Andrew Gelman and David Madigan wrote a paper on why 0-1 loss is so problematic:
- Gelman and Madigan. 2015. How is Ethics Like Logistic Regression? Chance 28(12).
This is related to the issue of whether one should be training on an artificial gold standard. Suppose we have a bunch of annotators and we don’t have perfect agreement on items. What do we do? Well, in practice, machine learning evals tend to either (1) throw away the examples without agreement (e.g., the RTE evals, some biocreative named entity evals, etc.), or (2) go with the majority label (everything else I know of). Either way, we are throwing away a huge amount of information by reducing the label to artificial certainty. You can see this pretty easily with simulations, and Raykar et al. showed it with real data.

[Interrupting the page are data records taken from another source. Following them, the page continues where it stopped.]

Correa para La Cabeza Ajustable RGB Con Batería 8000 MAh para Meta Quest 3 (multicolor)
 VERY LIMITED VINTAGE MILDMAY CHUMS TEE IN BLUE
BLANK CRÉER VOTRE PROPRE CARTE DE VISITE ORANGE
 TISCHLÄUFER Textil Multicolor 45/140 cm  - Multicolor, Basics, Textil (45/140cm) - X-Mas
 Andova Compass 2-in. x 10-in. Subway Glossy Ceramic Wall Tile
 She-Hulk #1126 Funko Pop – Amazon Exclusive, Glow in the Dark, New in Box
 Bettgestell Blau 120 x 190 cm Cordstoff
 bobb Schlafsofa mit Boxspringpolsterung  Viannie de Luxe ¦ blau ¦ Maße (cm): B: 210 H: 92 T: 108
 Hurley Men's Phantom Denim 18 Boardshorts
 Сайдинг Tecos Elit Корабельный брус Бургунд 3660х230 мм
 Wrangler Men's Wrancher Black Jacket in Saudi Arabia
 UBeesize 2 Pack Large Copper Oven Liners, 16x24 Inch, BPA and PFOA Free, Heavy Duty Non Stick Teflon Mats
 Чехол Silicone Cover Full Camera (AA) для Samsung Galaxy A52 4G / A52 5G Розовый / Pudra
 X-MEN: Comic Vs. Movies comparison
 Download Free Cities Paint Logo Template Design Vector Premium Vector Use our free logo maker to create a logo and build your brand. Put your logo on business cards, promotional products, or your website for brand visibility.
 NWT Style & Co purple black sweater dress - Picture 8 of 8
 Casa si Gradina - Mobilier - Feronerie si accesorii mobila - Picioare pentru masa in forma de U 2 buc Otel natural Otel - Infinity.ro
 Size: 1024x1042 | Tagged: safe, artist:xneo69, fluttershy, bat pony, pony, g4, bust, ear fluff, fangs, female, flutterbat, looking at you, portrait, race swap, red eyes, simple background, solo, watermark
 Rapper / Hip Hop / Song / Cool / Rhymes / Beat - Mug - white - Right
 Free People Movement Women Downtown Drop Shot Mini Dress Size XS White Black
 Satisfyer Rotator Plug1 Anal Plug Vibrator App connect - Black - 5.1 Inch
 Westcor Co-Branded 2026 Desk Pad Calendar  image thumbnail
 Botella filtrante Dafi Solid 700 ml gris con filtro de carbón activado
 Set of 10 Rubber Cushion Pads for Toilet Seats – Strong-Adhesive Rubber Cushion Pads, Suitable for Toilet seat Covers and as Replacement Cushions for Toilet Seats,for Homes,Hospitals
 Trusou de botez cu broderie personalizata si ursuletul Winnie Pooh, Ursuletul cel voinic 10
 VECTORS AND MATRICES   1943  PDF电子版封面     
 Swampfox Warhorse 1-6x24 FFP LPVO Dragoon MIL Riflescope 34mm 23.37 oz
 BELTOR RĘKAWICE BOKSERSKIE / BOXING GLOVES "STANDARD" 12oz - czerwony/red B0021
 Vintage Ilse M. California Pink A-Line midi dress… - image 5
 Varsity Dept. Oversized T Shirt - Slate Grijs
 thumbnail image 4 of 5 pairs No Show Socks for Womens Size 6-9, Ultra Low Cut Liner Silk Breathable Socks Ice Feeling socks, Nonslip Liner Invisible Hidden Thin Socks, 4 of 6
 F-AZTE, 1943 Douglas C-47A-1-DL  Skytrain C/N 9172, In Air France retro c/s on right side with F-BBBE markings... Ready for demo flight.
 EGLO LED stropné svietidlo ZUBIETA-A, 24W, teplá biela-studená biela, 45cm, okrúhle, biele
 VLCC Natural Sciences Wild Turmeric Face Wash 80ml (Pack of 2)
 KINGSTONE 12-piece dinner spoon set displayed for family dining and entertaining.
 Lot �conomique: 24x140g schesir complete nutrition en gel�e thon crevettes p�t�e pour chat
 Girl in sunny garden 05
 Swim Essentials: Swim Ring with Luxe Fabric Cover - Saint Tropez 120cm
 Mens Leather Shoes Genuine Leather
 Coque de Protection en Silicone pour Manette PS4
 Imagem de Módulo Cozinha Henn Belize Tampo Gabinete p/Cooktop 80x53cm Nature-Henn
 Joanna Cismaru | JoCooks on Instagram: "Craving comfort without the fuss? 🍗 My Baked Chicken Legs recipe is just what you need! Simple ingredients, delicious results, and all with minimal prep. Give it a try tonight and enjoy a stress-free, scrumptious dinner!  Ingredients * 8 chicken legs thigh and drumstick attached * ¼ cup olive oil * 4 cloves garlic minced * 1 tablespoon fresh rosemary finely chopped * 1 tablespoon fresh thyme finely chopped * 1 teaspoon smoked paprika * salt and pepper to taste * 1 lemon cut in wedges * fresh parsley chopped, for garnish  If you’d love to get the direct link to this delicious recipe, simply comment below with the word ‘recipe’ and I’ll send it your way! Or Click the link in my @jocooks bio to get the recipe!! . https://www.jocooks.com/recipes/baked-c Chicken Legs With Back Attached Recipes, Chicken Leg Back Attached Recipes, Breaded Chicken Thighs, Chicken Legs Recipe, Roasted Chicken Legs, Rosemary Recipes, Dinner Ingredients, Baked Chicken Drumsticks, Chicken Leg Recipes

Yet 0/1 corpora and evaluation remain the gold standard (pun intended) in most machine learning evals. Kaggle has gone largely to log loss, but even that’s very flat around the middle of the range, as Andrew discusses in this blog post:
- Gelman. 2016. TOP SECRET: Newly declassified documents on evaluating models based on predictive accuracy. Blog post.
The problem is that it’s very hard to train a model that’s well calibrated if you reduce the data to an artificial gold standard. If you don’t know what I mean by calibration, check out this paper:
- Gneiting, Balabdaoui, and Raftery. 2007. Probabilistic forecasts, calibration and sharpness. J. R. Statist. Soc. B 69.
It’s one of my favorites. Once you’ve understood it, it’s hard not to think of evaluating models in terms of calibration and sharpness.